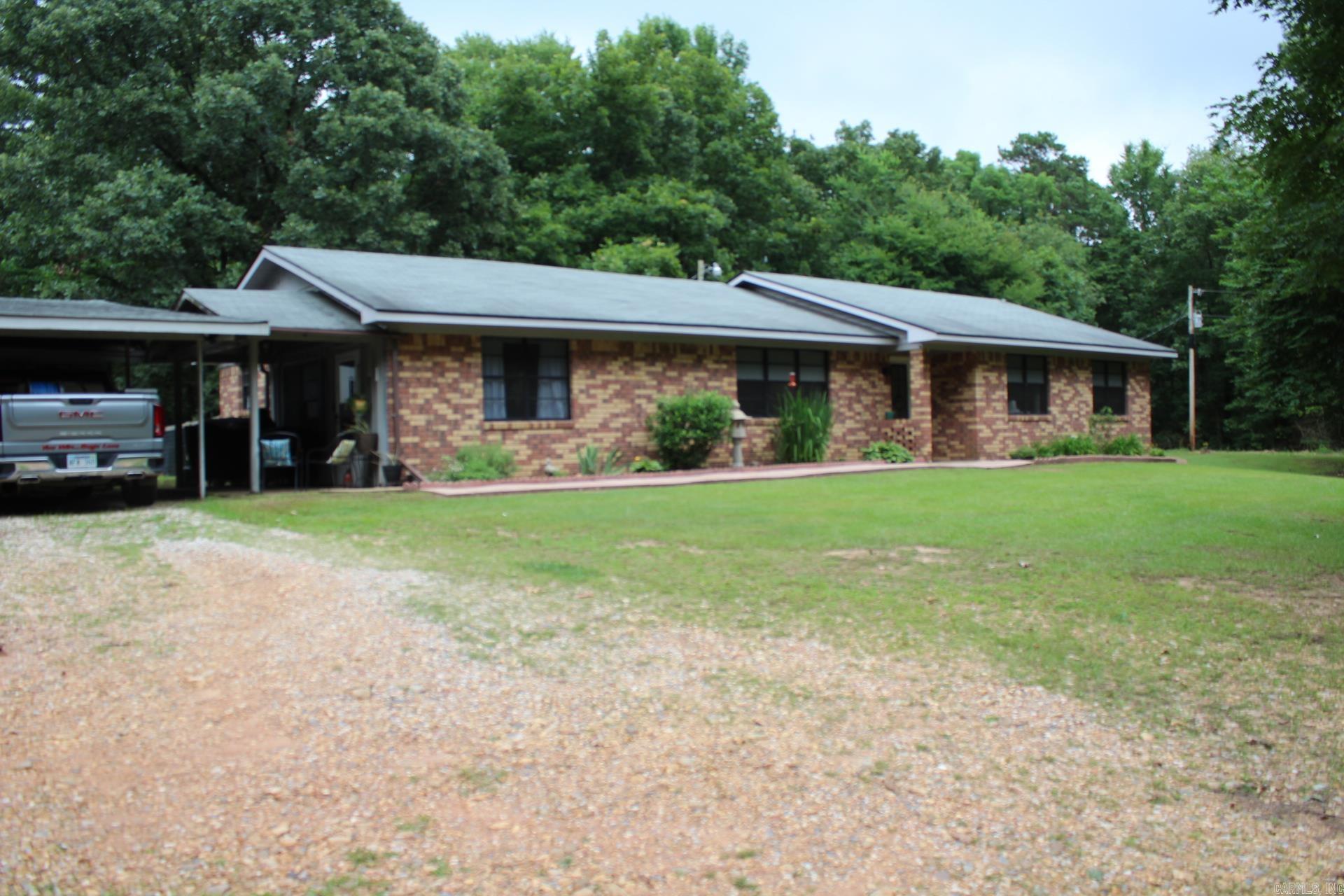 1924 Mt. Pleasant Dr.  Nashville, AR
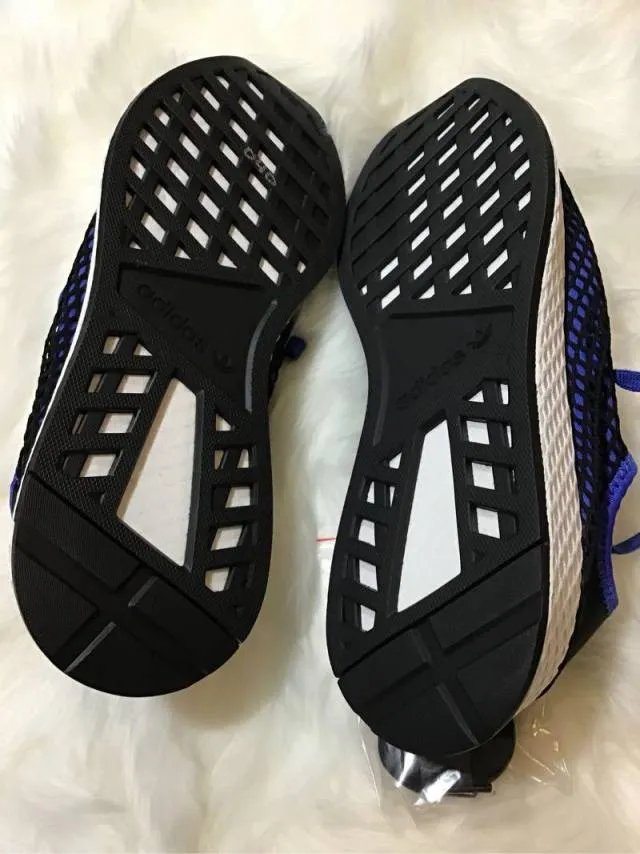 NIB AUTH ADIDAS DEERUPT RUNNER SNEAKERS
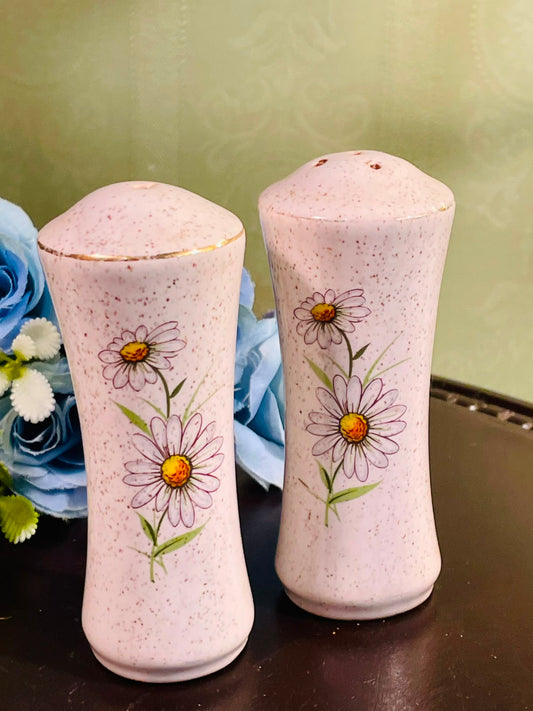Vintage Daisy Salt & Pepper Shakers Set of 2, 4.5 Inch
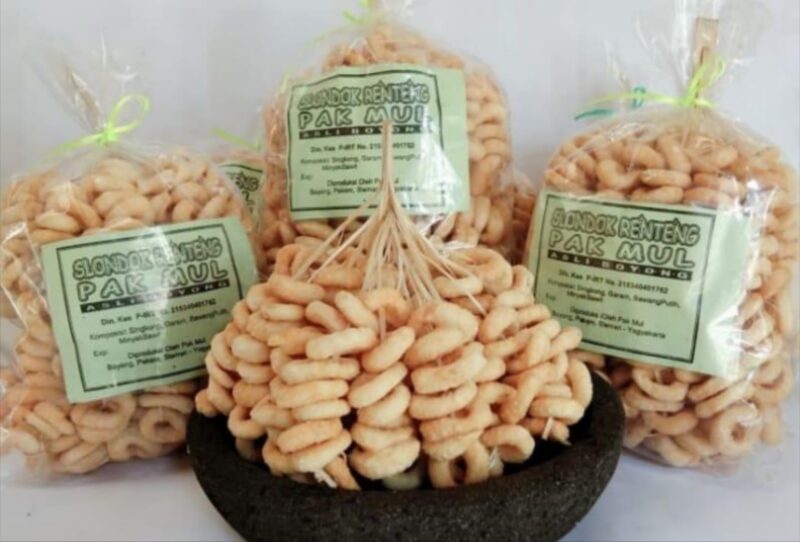 UMKM Slondok Renteng Pak Mul, produsen camilan tradisional asal Yogyakarta. (Dok. BRI).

> Exercise requirements
What you need to retype is every line from the one that has "NIB AUTH ADIDAS DEERUPT RUNNER SNEAKERS" through the last line of the listing, both included, with the pictures left out.

> Problem solution
 NIB AUTH ADIDAS DEERUPT RUNNER SNEAKERS
Vintage Daisy Salt & Pepper Shakers Set of 2, 4.5 Inch
 UMKM Slondok Renteng Pak Mul, produsen camilan tradisional asal Yogyakarta. (Dok. BRI).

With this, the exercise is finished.